Re: [sqlite] Concurrency, MVCC

2004-04-16 Thread Christian Smith
On Thu, 15 Apr 2004, Doug Currie wrote:

>
>Thursday, April 15, 2004, 9:16:01 AM, Christian Smith wrote:
>
>> On Wed, 14 Apr 2004, Doug Currie wrote:
>
>>>One way to get table level locking without a great deal of pain is to
>>>integrate the shadow paging ideas with BTree management. Rather than
>>>using page tables for the shadow pages, use the BTrees themselves.
>>>This means that any change to a BTree requires changes along the
>>>entire path back to the root so that only free pages are used to store
>>>new data, including the BTree itself. Writing the root page(s) of the
>>>BTree(s) commits the changes to that table (these tables).
>
>> Actually, this gets my vote. Keeps the pager layer the same,
>
>The pager gets *much* simpler because it doesn't need to make a log
>file. The log file is not necessary because writes only go to free
>pages.
>
>Well, there would be one write-ahead log. It's needed to prevent
>partial updates to the page number pointers to the roots page(s) of
>the BTree(s) at commit. This log is created at commit time, and is
>much simpler and much smaller than the present log file.

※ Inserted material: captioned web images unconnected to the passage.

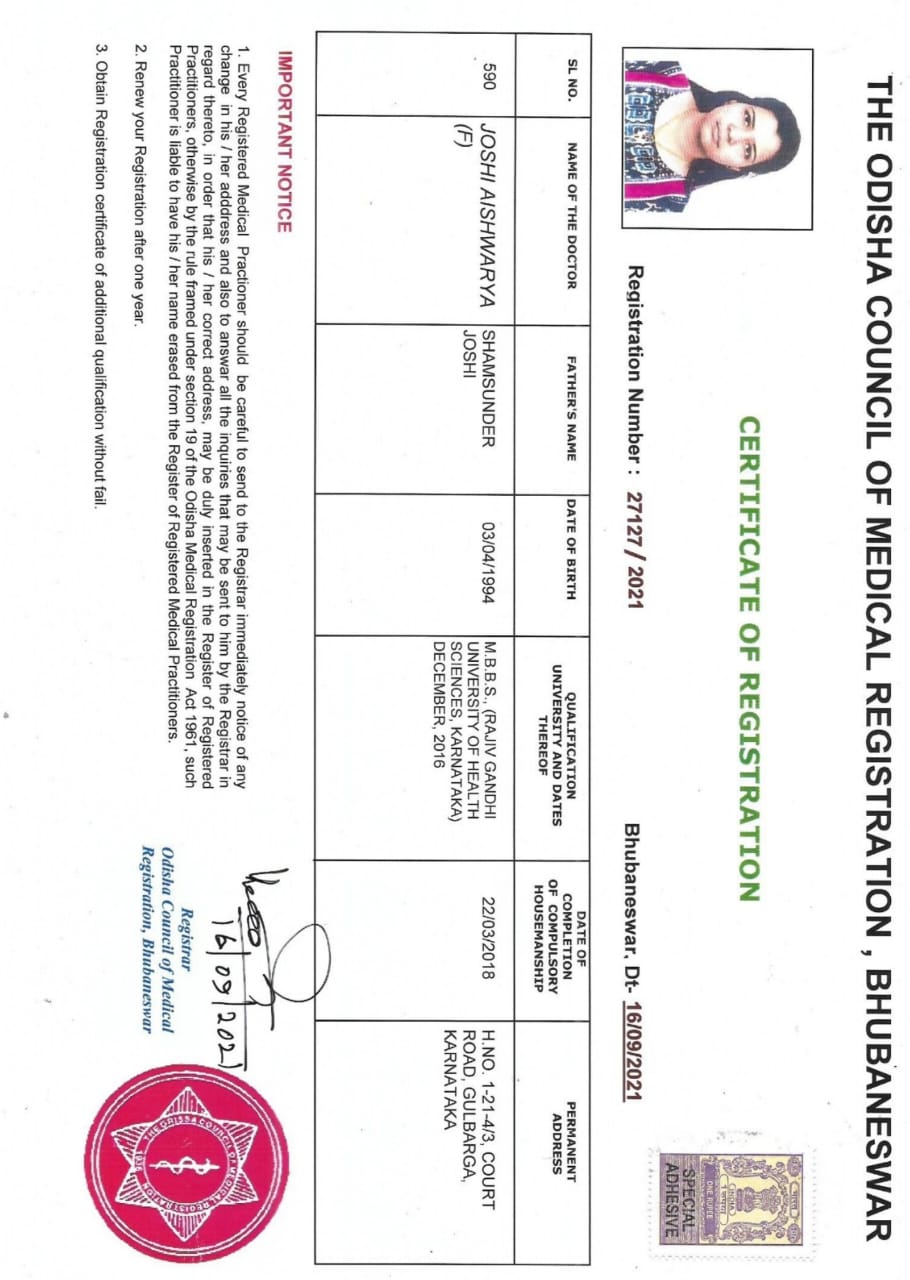 Doctor's certificate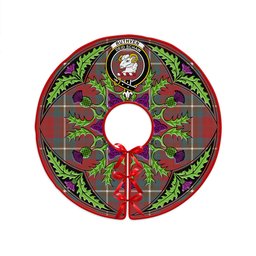 ScotsTee Shop Scottish Ruthven Weathered Clan Crest Tartan Christmas Tree Skirt Scottish Thistle Design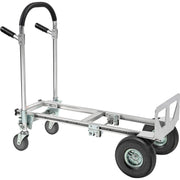 Aluminum 2-in-1 Convertible Hand Truck with Pneumatic Wheels - Junior by Global Industrial – 24"L x 60"W x 7"H, Aluminum, Gray, Model 241664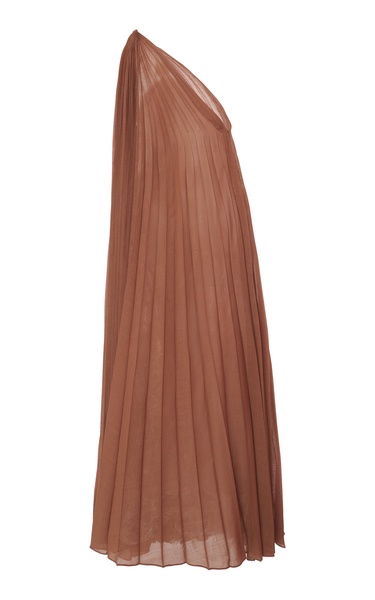 Asymmetric Pleated Wool-Blend Dress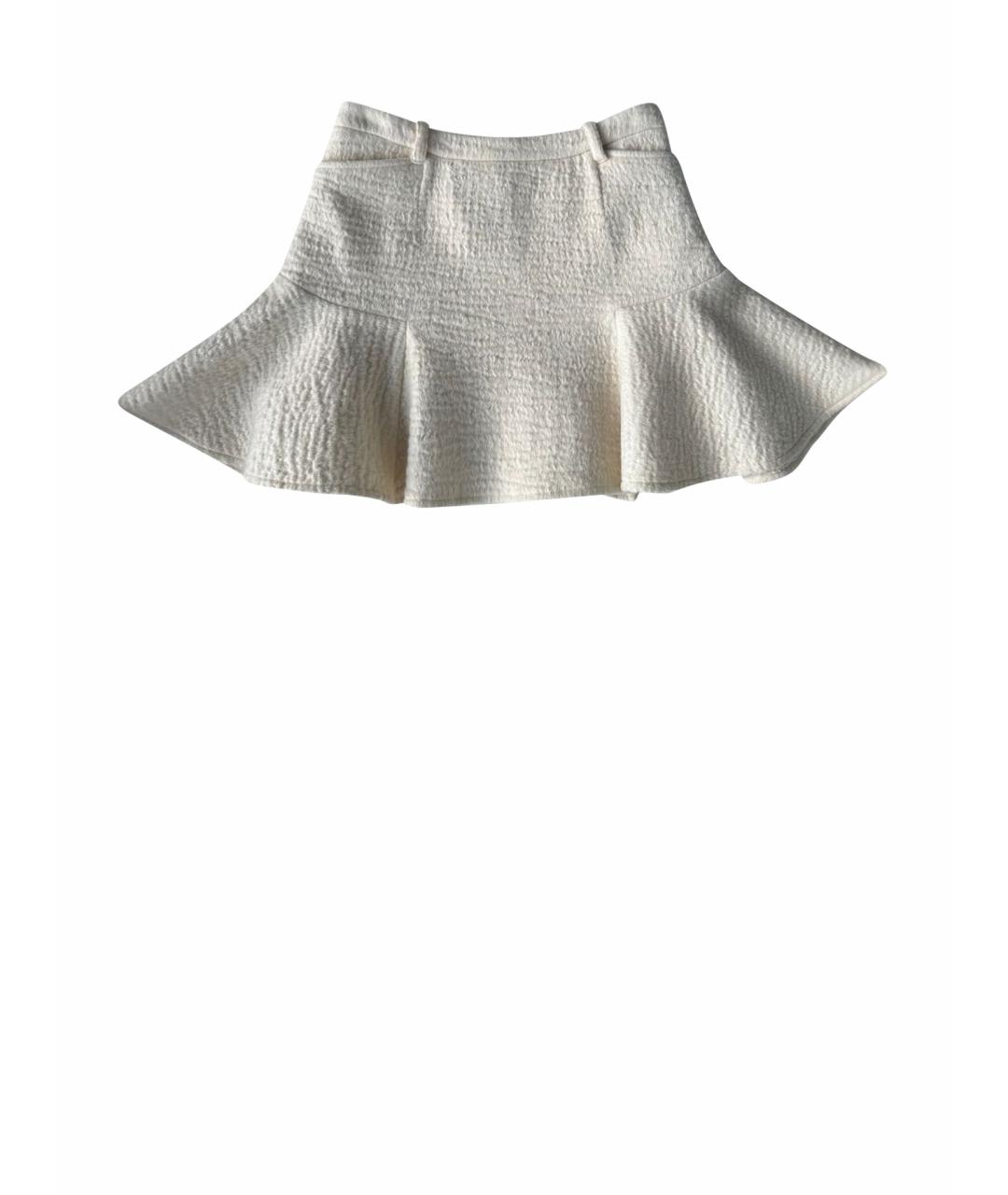 BARBARA BUI Бежевая шерстяная юбка мини, фото 1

I'd have thought it'd be better to preserve the pager layer as is. If it
ain't broke...


> [...]
>
>This design works well. It has the advantage (compared with shadow
>pager) that reads are not burdened with page table indirection. It has
>the potential disadvantage (compared with SQLite 2.8) that small
>writes can modify several pages (based on the depth of the BTree).

So for reads, there is basically no extra burden (other than the caching
of the initial tree roots,) and writing will be slightly slower, but with
decreasing penalty as updates get bigger, and probably insignificant
against dumping of the page cache when transactions are finished, and all
of course in parallel with reads, so overall performance should be improve
in many scenarios.

It would of course be limited, like shadow paging, to a single address
space (writes would block reads in other address spaces.)

>
>I used this design in a proprietary database in the late 1980s. The
>only reason I didn't consider modifying SQLite this way up until now
>is that I was anticipating BTree changes for 3.0, so I confined my
>efforts to the pager layer.

Given this design, if it is adopted, it would also be trivial (and free in
terms of IO) to maintain a running total of records in a given btree as
well, as was requested some weeks back, as any new/deleted records would
update the btree to the root anyway.

Is this design feasible given the time constraints on 3.0? I've not
studied the btree layer in much detail, so don't know how much existing
code would need to change.

Christian

-- 
/"\
\ /ASCII RIBBON CAMPAIGN - AGAINST HTML MAIL
 X   - AGAINST MS ATTACHMENTS
/ \

-
To unsubscribe, e-mail: [EMAIL PROTECTED]
For additional commands, e-mail: [EMAIL PROTECTED]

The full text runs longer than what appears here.